- [TASK PROMPT] The output should hold exactly, and only, the lines from the line bearing "牙齿美白牙粉纸盒（新）" through the last line of the listing below, and no pictures.

══ DATA PROVIDED ══

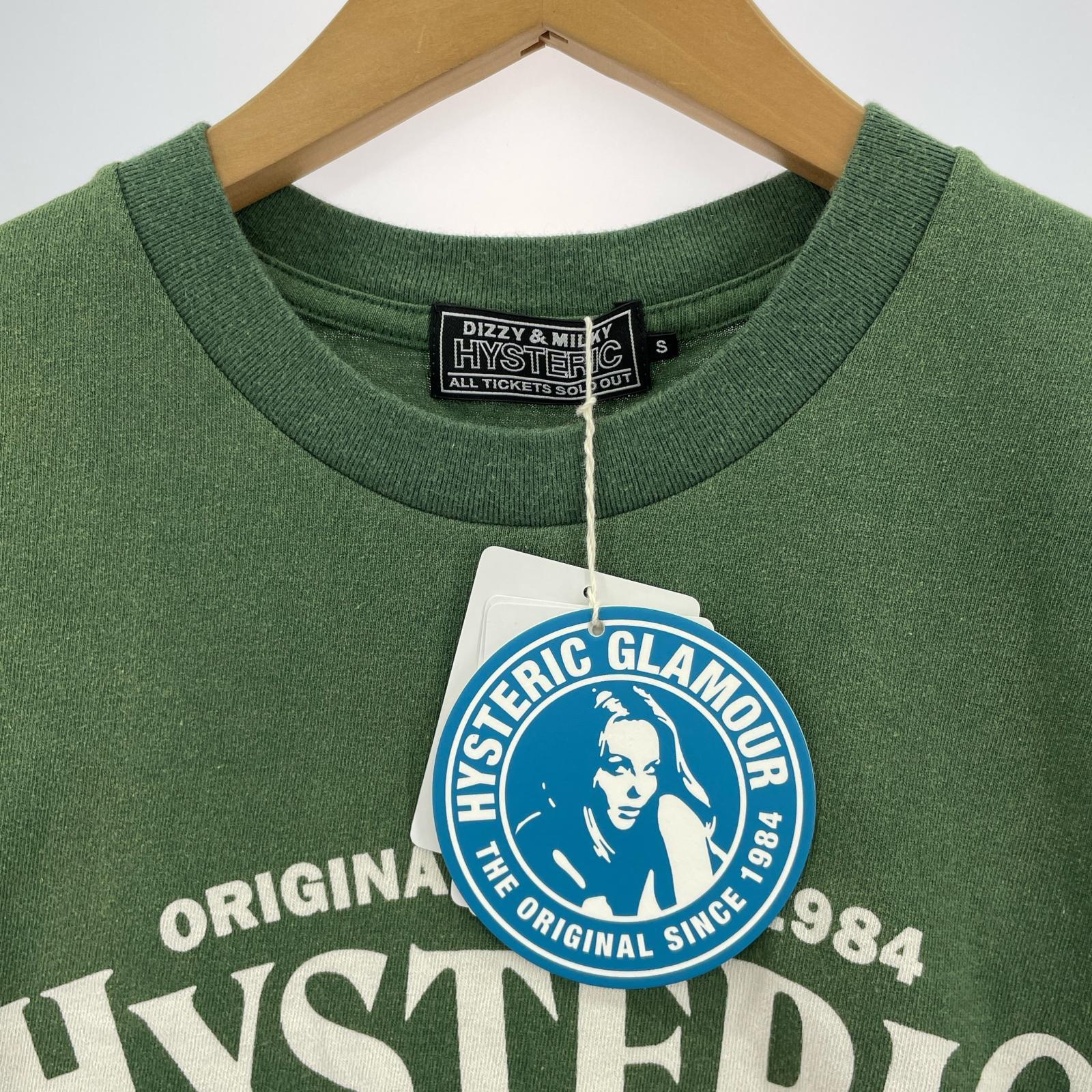 半袖Tシャツ LADYLAND ACADEMY 緑 S S グリーン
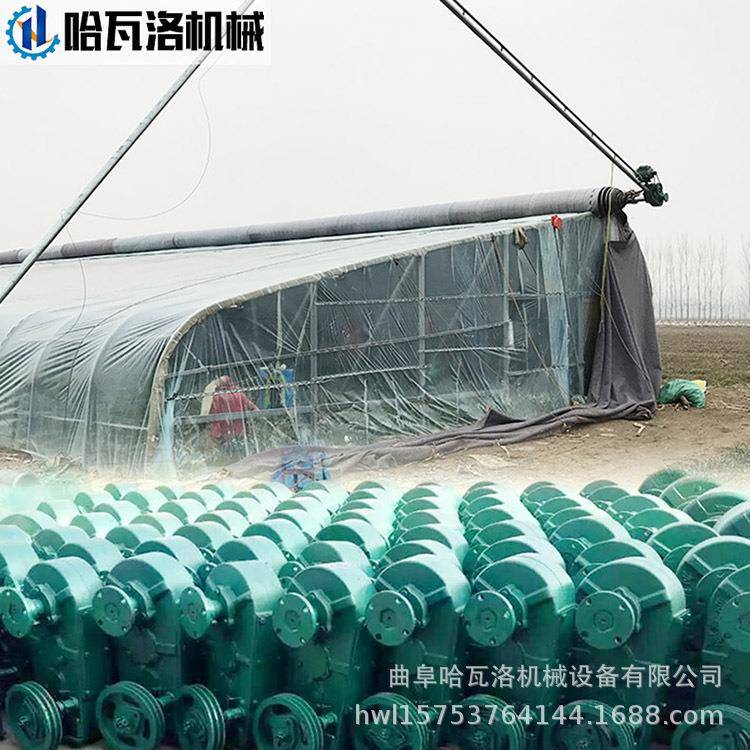 哈瓦洛机械温室减速机小型减速机生产商大棚侧卷卷帘机内蒙
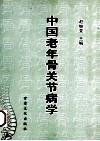 中国老年骨关节病学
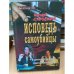 Исповедь самоубийцы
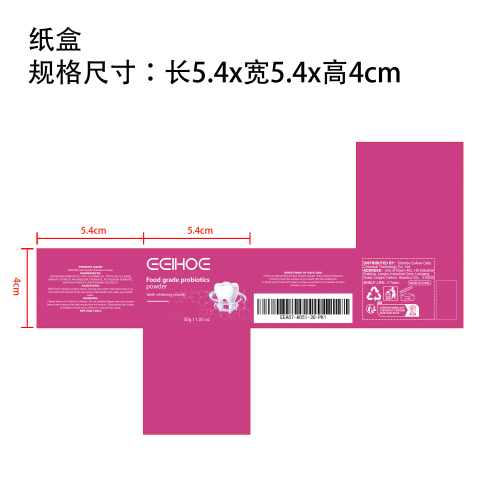 牙齿美白牙粉纸盒（新）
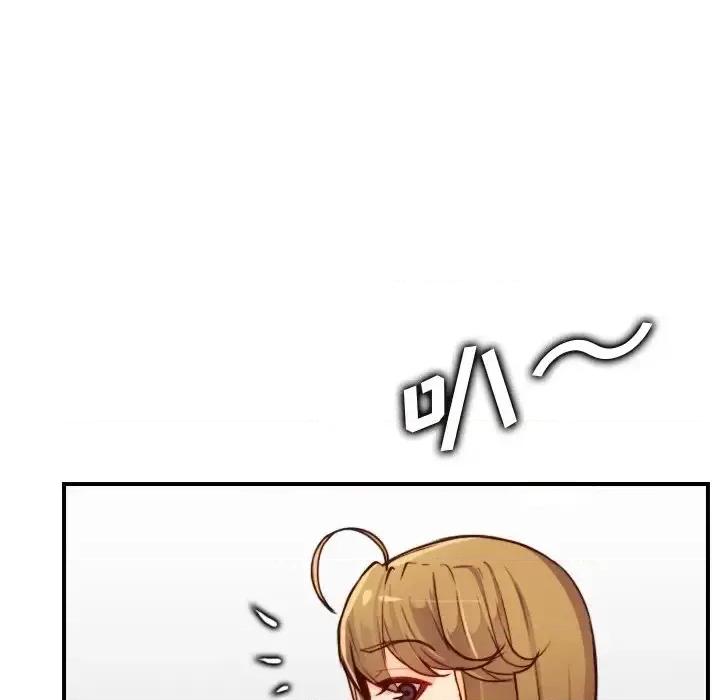 妈妈是女大学生 妈妈是女大学生第 46 话 第36页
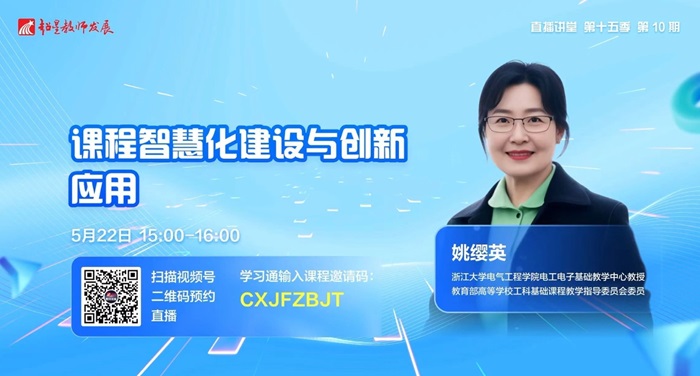 ���ǽ�ʦ��չֱ�����õ�10�ڣ��γ��ǻۻ������봴��Ӧ��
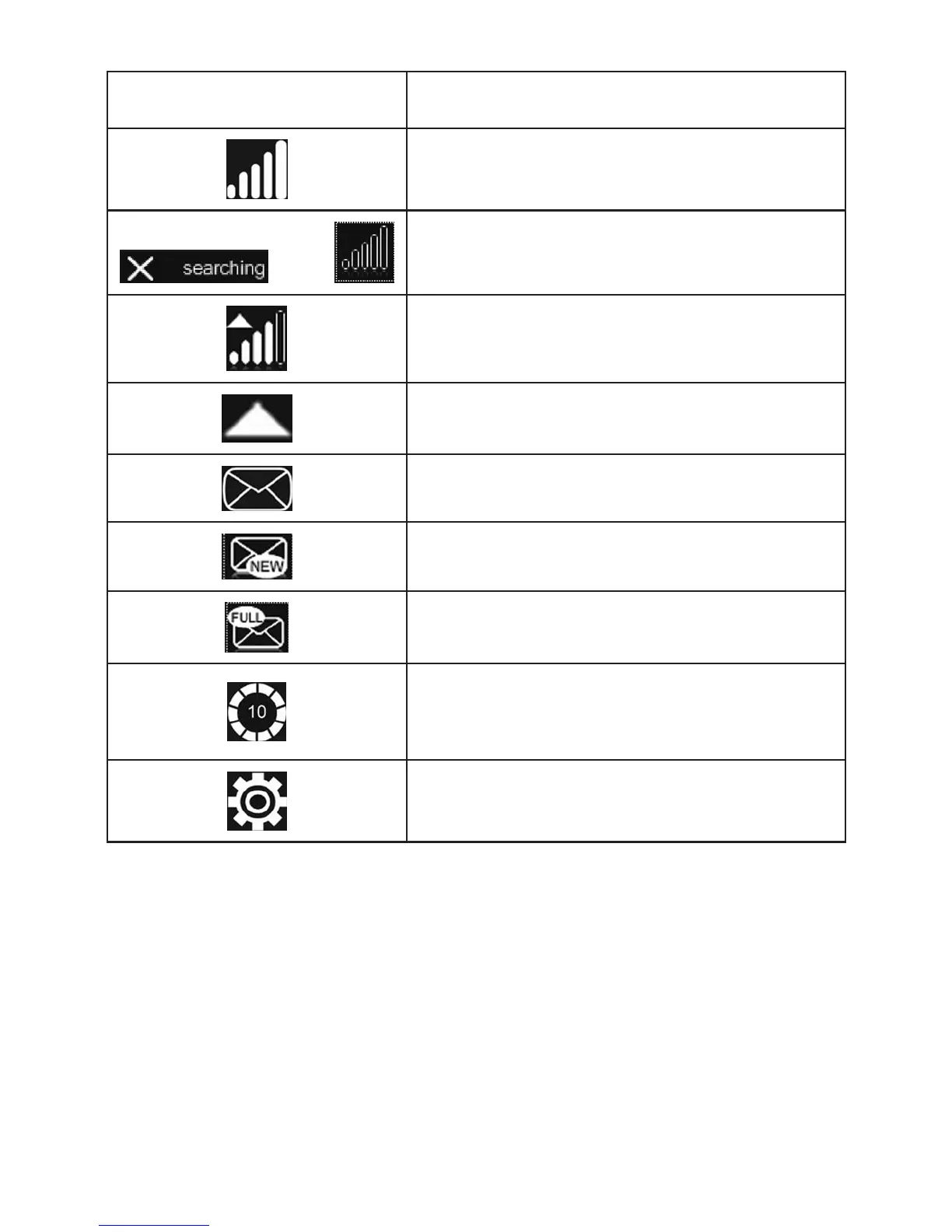 Page #8 background image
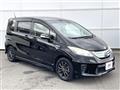 2013 Honda Freed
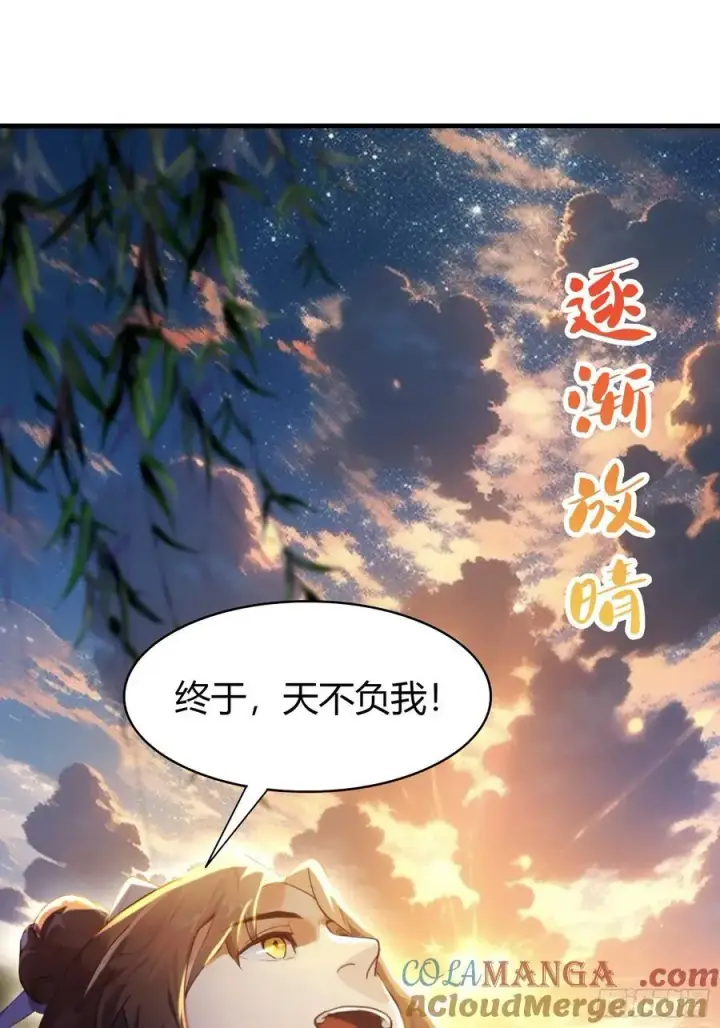 漫画《原来我早就无敌了》第41话 紫青圣地，驾临！第13张图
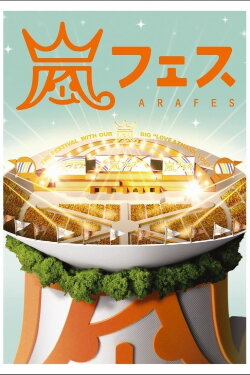 ARASHI ARAFES NATIONAL STADIUM 2012 (2012) ARASHI ARAFES NATIONAL STADIUM 2012 (2012)
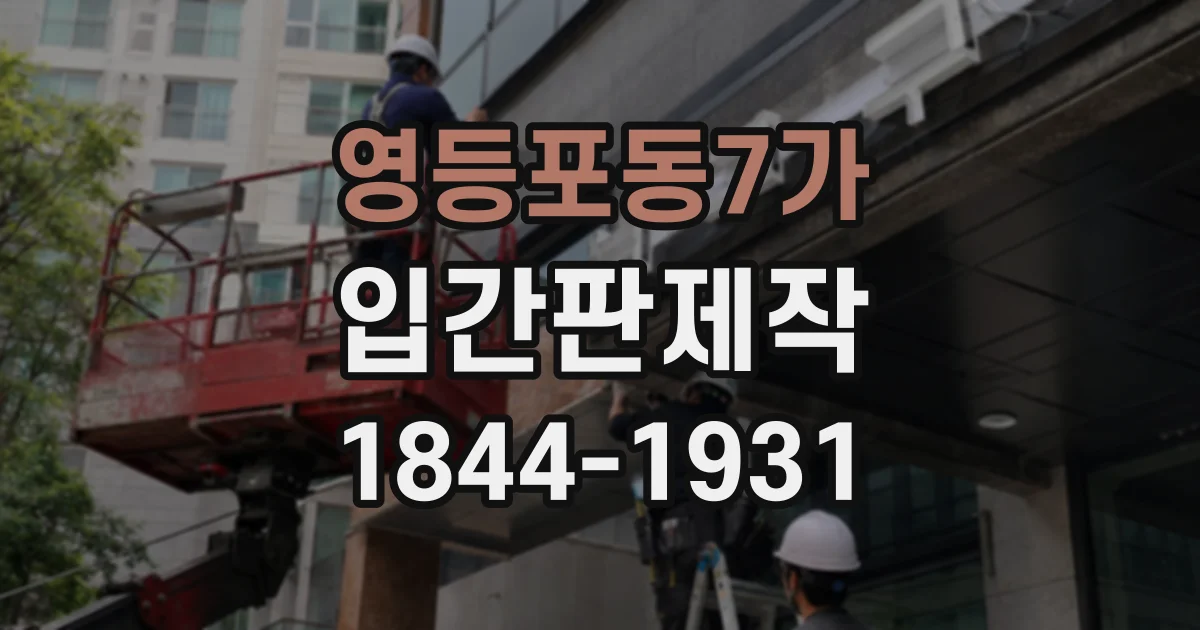 영등포동7가 입간판제작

═══

- [EXERCISE RESPONSE]
 牙齿美白牙粉纸盒（新）
 妈妈是女大学生 妈妈是女大学生第 46 话 第36页
 ���ǽ�ʦ��չֱ�����õ�10�ڣ��γ��ǻۻ������봴��Ӧ��
 Page #8 background image
 2013 Honda Freed
 漫画《原来我早就无敌了》第41话 紫青圣地，驾临！第13张图
 ARASHI ARAFES NATIONAL STADIUM 2012 (2012) ARASHI ARAFES NATIONAL STADIUM 2012 (2012)
 영등포동7가 입간판제작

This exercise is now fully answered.